ACCC and AER suggest industry reforms to cut electricity prices

A new ACCC report suggests a series of electricity network regulations is needed to cut electricity prices.

The Australian Competition and Consumer Commission report claims electricity consumers are facing a market that is unfair, confusing, and in need of major reforms to be sustainable.

The report suggests the following reforms:

  • Consumers should be able to compare discounts with an AER benchmark, as current discounts are misleading.
  • The process of transferring customers to new offers should be quicker.
  • There should be limits set on mergers and acquisitions for companies with more than 20 per cent current market share.
  • The AER should be granted greater authority to tackle market manipulation.
  • National Energy Guarantee (NEG) to reduce power prices.
cut electricity prices with network reform

Energy industry reforms could bring down power prices for consumers by capping what networks can charge. Image: Pixabay

The AER releases its guideline on energy investments

In a separate move that could bring down power prices, the Australian Energy Regulator (AER) has released a draft decision on the new Rate of Return Guideline.

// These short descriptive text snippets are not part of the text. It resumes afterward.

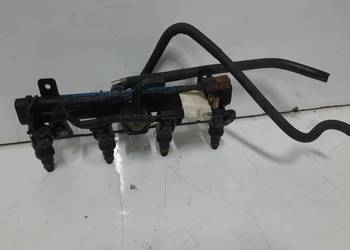 14. 4X WTRYSKIWACZ LISTWA PEUGEOT 306 1,6B 8V 0280150789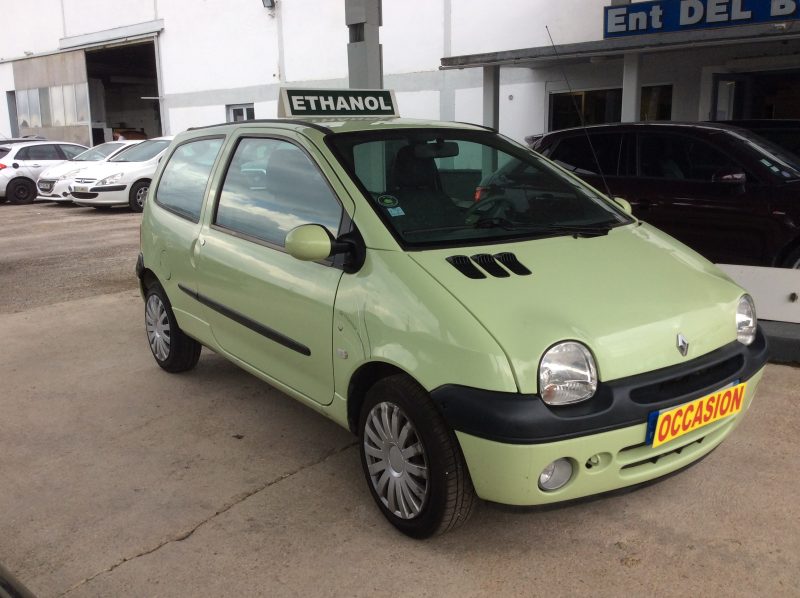 RENAULT TWINGO ETHANOL 1.2 75CH EMOTION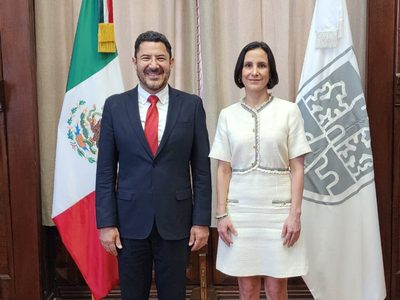Cercana a Sheinbaum deja la Secretaría de Finanzas de la CDMX para ir a "proyecto de transformación"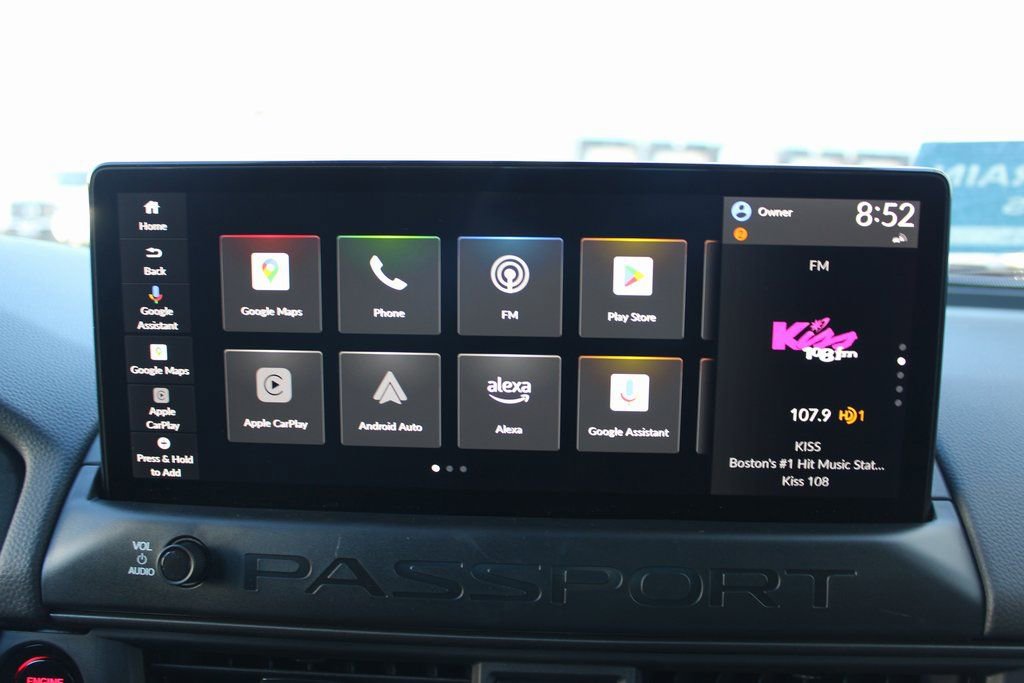 New 2026 Honda Passport TrailSport image 36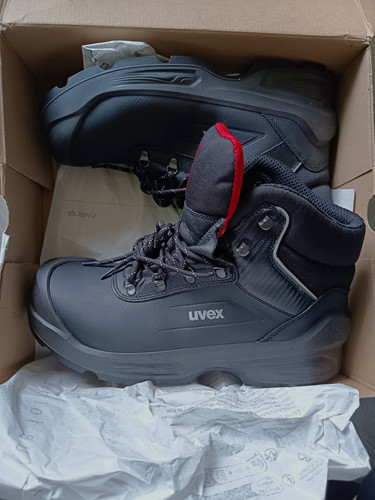 Uvex safety work - uvex, boots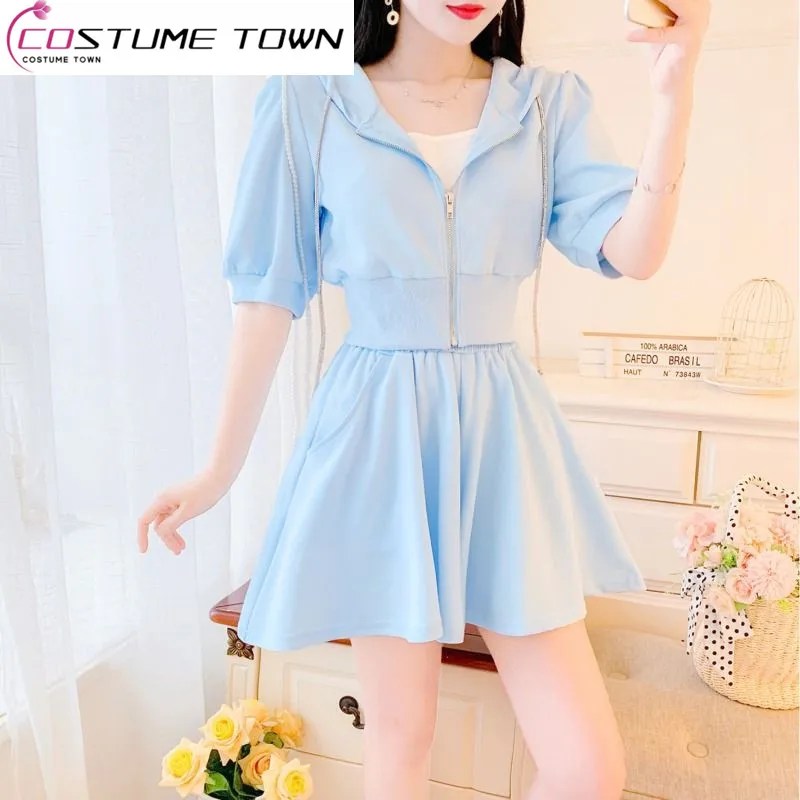 Новинка 2023 модный спортивный стиль комплект для возраста летняя одежда в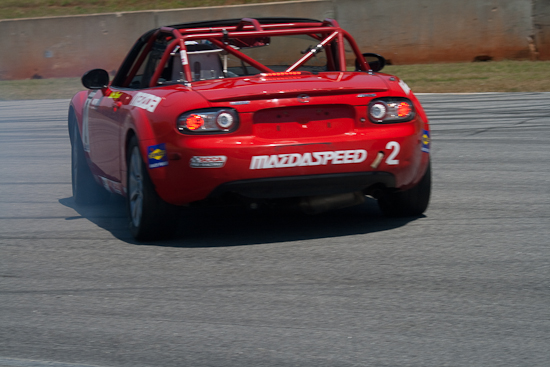Playboy Mazda MX-5 Cup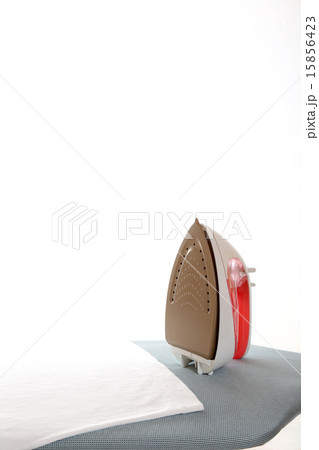 アイロンがけ アイロンがけ 15856423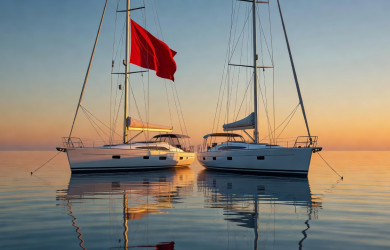 The Anatomy of a Sailing Protest: How to File and Win a Hearing
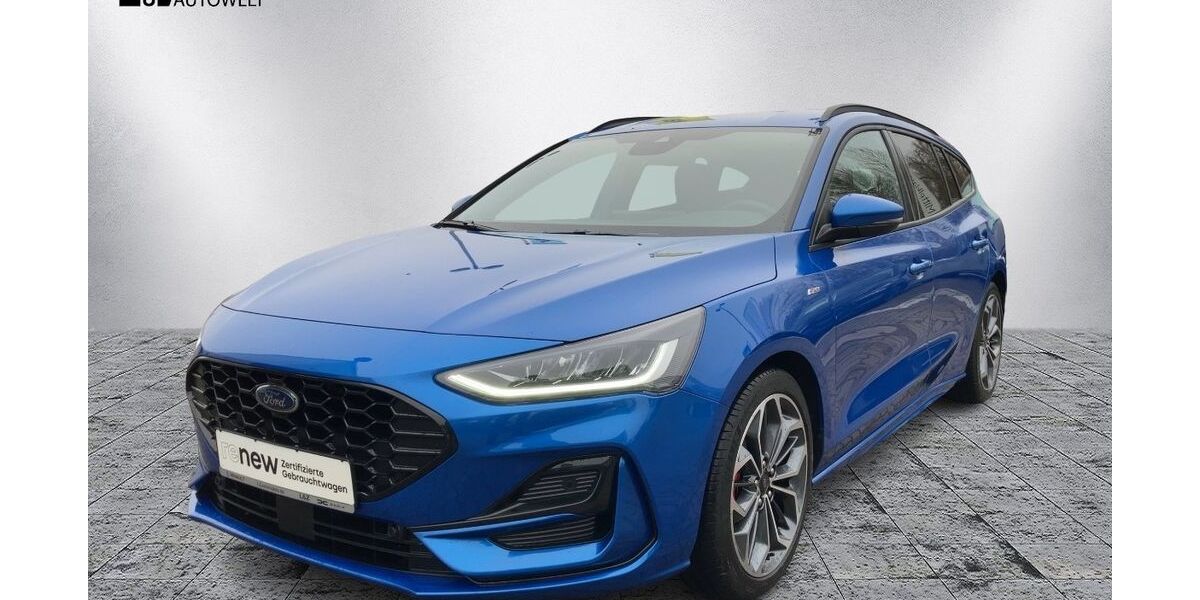 Ford Focus 12.050 km 24.680 &euro; Neumünster 24539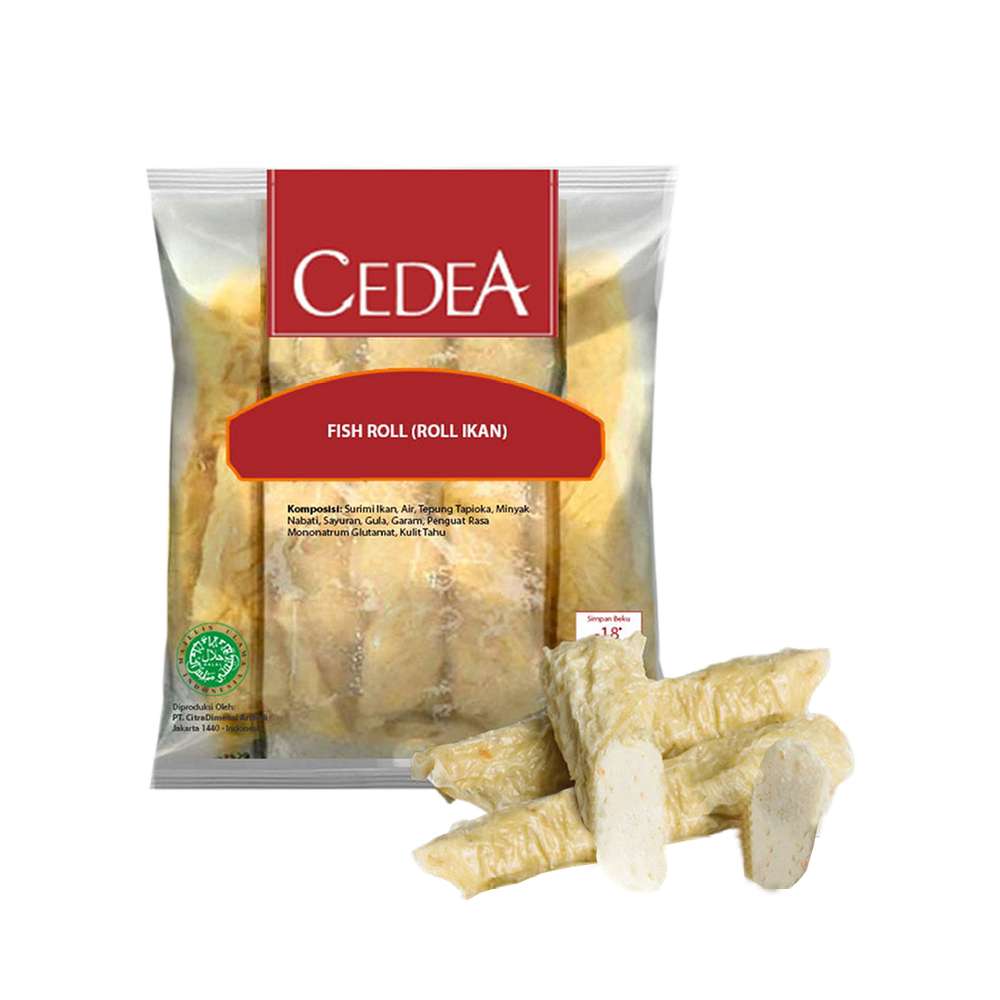 Cedea Fish Roll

The guideline sets out how the AER determines the rate of return network businesses can recover on their investments. These are the costs of building and maintaining infrastructure like power lines and substations, which networks pass on to customers.

This is a balancing act. Where the rate is too high, over-investment can occur. Under-investment is also likely to happen where the rate is too low.

The new guideline aims to ensure both reliability and affordability. This means ensuring there is the right balance of investment to help keep power prices affordable for consumers.

The AER has set up an independent panel to review the draft guideline. AER Chair Paula Conboy said it is vital to get this right. She said it’s consumers that end up footing the bill for network costs. She also said the proposed changes “will have an impact on Australian businesses and households for years to come”.

The panel has 50 business days to review the draft and report to the AER. The AER is also seeking further submissions, and will release a final decision in December.

Solar installations cut electricity prices for consumers

Meanwhile, the falling prices of solar panels means many consumers are finding that solar installations provide a way to reduce their power bills.

Households and businesses are also choosing to install solar batteries to increase their renewable energy reliability.

These decisions can also give consumers greater control over their use of electricity rather than being at the mercy of volatile market forces.